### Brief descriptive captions
^^^^^^^^

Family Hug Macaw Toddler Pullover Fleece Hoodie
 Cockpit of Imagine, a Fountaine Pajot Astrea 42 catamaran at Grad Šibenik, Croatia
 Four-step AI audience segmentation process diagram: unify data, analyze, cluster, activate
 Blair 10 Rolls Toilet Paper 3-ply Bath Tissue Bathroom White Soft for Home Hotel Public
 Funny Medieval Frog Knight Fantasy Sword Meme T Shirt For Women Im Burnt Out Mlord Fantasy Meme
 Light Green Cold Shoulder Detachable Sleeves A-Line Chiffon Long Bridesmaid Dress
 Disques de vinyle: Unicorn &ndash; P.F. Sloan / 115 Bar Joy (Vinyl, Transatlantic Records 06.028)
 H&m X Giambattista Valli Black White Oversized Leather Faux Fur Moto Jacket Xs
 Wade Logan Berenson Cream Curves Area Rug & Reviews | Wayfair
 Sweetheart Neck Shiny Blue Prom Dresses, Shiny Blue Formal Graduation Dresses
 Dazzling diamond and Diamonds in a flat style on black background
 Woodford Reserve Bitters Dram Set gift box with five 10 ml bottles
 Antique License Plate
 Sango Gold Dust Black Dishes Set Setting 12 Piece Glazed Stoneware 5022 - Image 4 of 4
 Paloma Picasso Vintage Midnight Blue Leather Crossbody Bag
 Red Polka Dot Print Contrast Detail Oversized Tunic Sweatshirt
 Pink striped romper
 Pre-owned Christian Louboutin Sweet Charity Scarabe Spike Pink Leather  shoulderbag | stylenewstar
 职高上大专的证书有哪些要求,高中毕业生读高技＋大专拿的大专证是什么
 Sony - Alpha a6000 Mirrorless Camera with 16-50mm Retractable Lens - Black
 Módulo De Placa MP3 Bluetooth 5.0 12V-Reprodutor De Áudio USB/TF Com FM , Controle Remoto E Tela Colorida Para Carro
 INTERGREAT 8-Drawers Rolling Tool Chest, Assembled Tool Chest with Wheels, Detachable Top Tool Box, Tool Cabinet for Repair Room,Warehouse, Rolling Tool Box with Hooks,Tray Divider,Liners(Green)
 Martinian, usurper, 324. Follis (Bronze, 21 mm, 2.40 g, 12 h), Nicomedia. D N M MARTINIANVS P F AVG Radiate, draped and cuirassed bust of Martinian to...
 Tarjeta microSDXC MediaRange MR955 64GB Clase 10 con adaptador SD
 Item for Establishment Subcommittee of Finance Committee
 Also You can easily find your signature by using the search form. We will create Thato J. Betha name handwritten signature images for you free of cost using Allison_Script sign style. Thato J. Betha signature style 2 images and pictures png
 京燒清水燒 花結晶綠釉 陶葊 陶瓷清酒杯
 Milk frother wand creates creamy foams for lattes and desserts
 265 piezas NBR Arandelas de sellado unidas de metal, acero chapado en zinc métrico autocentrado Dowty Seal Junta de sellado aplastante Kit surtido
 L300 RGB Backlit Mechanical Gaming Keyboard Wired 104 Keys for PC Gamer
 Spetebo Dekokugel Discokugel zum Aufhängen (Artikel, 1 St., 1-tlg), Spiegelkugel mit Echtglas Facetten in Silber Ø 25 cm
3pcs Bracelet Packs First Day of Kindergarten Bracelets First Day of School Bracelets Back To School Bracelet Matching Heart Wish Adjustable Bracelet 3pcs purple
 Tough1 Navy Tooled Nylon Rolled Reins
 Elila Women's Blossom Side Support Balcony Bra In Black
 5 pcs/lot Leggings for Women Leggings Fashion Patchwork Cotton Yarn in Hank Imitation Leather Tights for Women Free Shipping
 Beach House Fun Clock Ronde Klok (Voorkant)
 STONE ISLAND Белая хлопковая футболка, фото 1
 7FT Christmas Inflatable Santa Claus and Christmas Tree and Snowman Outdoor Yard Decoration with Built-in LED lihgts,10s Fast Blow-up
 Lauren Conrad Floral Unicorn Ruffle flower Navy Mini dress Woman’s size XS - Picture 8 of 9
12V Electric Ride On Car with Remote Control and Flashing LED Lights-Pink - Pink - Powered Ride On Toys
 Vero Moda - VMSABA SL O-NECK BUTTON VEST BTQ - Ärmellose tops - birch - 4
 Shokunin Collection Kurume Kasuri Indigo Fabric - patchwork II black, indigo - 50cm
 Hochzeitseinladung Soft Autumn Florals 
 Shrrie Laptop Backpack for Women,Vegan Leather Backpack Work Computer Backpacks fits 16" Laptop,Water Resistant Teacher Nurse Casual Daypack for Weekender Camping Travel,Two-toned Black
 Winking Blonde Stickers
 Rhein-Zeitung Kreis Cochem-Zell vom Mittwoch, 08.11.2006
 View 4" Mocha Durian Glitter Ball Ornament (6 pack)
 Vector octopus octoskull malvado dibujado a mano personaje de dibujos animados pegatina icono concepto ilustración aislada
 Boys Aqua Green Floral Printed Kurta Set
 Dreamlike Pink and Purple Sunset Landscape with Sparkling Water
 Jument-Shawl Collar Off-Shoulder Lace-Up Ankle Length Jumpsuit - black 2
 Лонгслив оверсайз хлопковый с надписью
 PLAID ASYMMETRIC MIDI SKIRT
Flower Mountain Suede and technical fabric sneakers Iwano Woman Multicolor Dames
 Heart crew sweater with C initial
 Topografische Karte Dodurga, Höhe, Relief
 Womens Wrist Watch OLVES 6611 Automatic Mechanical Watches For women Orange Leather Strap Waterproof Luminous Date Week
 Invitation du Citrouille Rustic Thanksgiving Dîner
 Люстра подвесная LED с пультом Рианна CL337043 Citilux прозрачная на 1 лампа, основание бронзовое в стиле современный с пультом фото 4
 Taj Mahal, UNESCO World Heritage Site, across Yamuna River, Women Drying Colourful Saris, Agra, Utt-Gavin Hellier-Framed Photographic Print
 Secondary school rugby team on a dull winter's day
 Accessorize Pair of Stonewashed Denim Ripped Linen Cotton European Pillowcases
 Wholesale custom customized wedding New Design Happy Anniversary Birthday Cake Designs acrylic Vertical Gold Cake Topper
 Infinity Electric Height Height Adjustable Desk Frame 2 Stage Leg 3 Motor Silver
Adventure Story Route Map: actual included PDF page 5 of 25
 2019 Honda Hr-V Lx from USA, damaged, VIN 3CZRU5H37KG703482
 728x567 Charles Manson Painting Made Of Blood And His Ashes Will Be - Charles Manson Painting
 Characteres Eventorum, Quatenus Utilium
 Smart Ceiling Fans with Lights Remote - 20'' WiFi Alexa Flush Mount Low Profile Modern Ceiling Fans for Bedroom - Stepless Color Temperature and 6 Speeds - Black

^^^^^^^^

### Aim of the exercise
Each entry needs to be given again exactly as it stands.

### Solution for this exercise
Family Hug Macaw Toddler Pullover Fleece Hoodie
 Cockpit of Imagine, a Fountaine Pajot Astrea 42 catamaran at Grad Šibenik, Croatia
 Four-step AI audience segmentation process diagram: unify data, analyze, cluster, activate
 Blair 10 Rolls Toilet Paper 3-ply Bath Tissue Bathroom White Soft for Home Hotel Public
 Funny Medieval Frog Knight Fantasy Sword Meme T Shirt For Women Im Burnt Out Mlord Fantasy Meme
 Light Green Cold Shoulder Detachable Sleeves A-Line Chiffon Long Bridesmaid Dress
 Disques de vinyle: Unicorn &ndash; P.F. Sloan / 115 Bar Joy (Vinyl, Transatlantic Records 06.028)
 H&m X Giambattista Valli Black White Oversized Leather Faux Fur Moto Jacket Xs
 Wade Logan Berenson Cream Curves Area Rug & Reviews | Wayfair
 Sweetheart Neck Shiny Blue Prom Dresses, Shiny Blue Formal Graduation Dresses
 Dazzling diamond and Diamonds in a flat style on black background
 Woodford Reserve Bitters Dram Set gift box with five 10 ml bottles
 Antique License Plate
 Sango Gold Dust Black Dishes Set Setting 12 Piece Glazed Stoneware 5022 - Image 4 of 4
 Paloma Picasso Vintage Midnight Blue Leather Crossbody Bag
 Red Polka Dot Print Contrast Detail Oversized Tunic Sweatshirt
 Pink striped romper
 Pre-owned Christian Louboutin Sweet Charity Scarabe Spike Pink Leather  shoulderbag | stylenewstar
 职高上大专的证书有哪些要求,高中毕业生读高技＋大专拿的大专证是什么
 Sony - Alpha a6000 Mirrorless Camera with 16-50mm Retractable Lens - Black
 Módulo De Placa MP3 Bluetooth 5.0 12V-Reprodutor De Áudio USB/TF Com FM , Controle Remoto E Tela Colorida Para Carro
 INTERGREAT 8-Drawers Rolling Tool Chest, Assembled Tool Chest with Wheels, Detachable Top Tool Box, Tool Cabinet for Repair Room,Warehouse, Rolling Tool Box with Hooks,Tray Divider,Liners(Green)
 Martinian, usurper, 324. Follis (Bronze, 21 mm, 2.40 g, 12 h), Nicomedia. D N M MARTINIANVS P F AVG Radiate, draped and cuirassed bust of Martinian to...
 Tarjeta microSDXC MediaRange MR955 64GB Clase 10 con adaptador SD
 Item for Establishment Subcommittee of Finance Committee
 Also You can easily find your signature by using the search form. We will create Thato J. Betha name handwritten signature images for you free of cost using Allison_Script sign style. Thato J. Betha signature style 2 images and pictures png
 京燒清水燒 花結晶綠釉 陶葊 陶瓷清酒杯
 Milk frother wand creates creamy foams for lattes and desserts
 265 piezas NBR Arandelas de sellado unidas de metal, acero chapado en zinc métrico autocentrado Dowty Seal Junta de sellado aplastante Kit surtido
 L300 RGB Backlit Mechanical Gaming Keyboard Wired 104 Keys for PC Gamer
 Spetebo Dekokugel Discokugel zum Aufhängen (Artikel, 1 St., 1-tlg), Spiegelkugel mit Echtglas Facetten in Silber Ø 25 cm
3pcs Bracelet Packs First Day of Kindergarten Bracelets First Day of School Bracelets Back To School Bracelet Matching Heart Wish Adjustable Bracelet 3pcs purple
 Tough1 Navy Tooled Nylon Rolled Reins
 Elila Women's Blossom Side Support Balcony Bra In Black
 5 pcs/lot Leggings for Women Leggings Fashion Patchwork Cotton Yarn in Hank Imitation Leather Tights for Women Free Shipping
 Beach House Fun Clock Ronde Klok (Voorkant)
 STONE ISLAND Белая хлопковая футболка, фото 1
 7FT Christmas Inflatable Santa Claus and Christmas Tree and Snowman Outdoor Yard Decoration with Built-in LED lihgts,10s Fast Blow-up
 Lauren Conrad Floral Unicorn Ruffle flower Navy Mini dress Woman’s size XS - Picture 8 of 9
12V Electric Ride On Car with Remote Control and Flashing LED Lights-Pink - Pink - Powered Ride On Toys
 Vero Moda - VMSABA SL O-NECK BUTTON VEST BTQ - Ärmellose tops - birch - 4
 Shokunin Collection Kurume Kasuri Indigo Fabric - patchwork II black, indigo - 50cm
 Hochzeitseinladung Soft Autumn Florals 
 Shrrie Laptop Backpack for Women,Vegan Leather Backpack Work Computer Backpacks fits 16" Laptop,Water Resistant Teacher Nurse Casual Daypack for Weekender Camping Travel,Two-toned Black
 Winking Blonde Stickers
 Rhein-Zeitung Kreis Cochem-Zell vom Mittwoch, 08.11.2006
 View 4" Mocha Durian Glitter Ball Ornament (6 pack)
 Vector octopus octoskull malvado dibujado a mano personaje de dibujos animados pegatina icono concepto ilustración aislada
 Boys Aqua Green Floral Printed Kurta Set
 Dreamlike Pink and Purple Sunset Landscape with Sparkling Water
 Jument-Shawl Collar Off-Shoulder Lace-Up Ankle Length Jumpsuit - black 2
 Лонгслив оверсайз хлопковый с надписью
 PLAID ASYMMETRIC MIDI SKIRT
Flower Mountain Suede and technical fabric sneakers Iwano Woman Multicolor Dames
 Heart crew sweater with C initial
 Topografische Karte Dodurga, Höhe, Relief
 Womens Wrist Watch OLVES 6611 Automatic Mechanical Watches For women Orange Leather Strap Waterproof Luminous Date Week
 Invitation du Citrouille Rustic Thanksgiving Dîner
 Люстра подвесная LED с пультом Рианна CL337043 Citilux прозрачная на 1 лампа, основание бронзовое в стиле современный с пультом фото 4
 Taj Mahal, UNESCO World Heritage Site, across Yamuna River, Women Drying Colourful Saris, Agra, Utt-Gavin Hellier-Framed Photographic Print
 Secondary school rugby team on a dull winter's day
 Accessorize Pair of Stonewashed Denim Ripped Linen Cotton European Pillowcases
 Wholesale custom customized wedding New Design Happy Anniversary Birthday Cake Designs acrylic Vertical Gold Cake Topper
 Infinity Electric Height Height Adjustable Desk Frame 2 Stage Leg 3 Motor Silver
Adventure Story Route Map: actual included PDF page 5 of 25
 2019 Honda Hr-V Lx from USA, damaged, VIN 3CZRU5H37KG703482
 728x567 Charles Manson Painting Made Of Blood And His Ashes Will Be - Charles Manson Painting
 Characteres Eventorum, Quatenus Utilium
 Smart Ceiling Fans with Lights Remote - 20'' WiFi Alexa Flush Mount Low Profile Modern Ceiling Fans for Bedroom - Stepless Color Temperature and 6 Speeds - Black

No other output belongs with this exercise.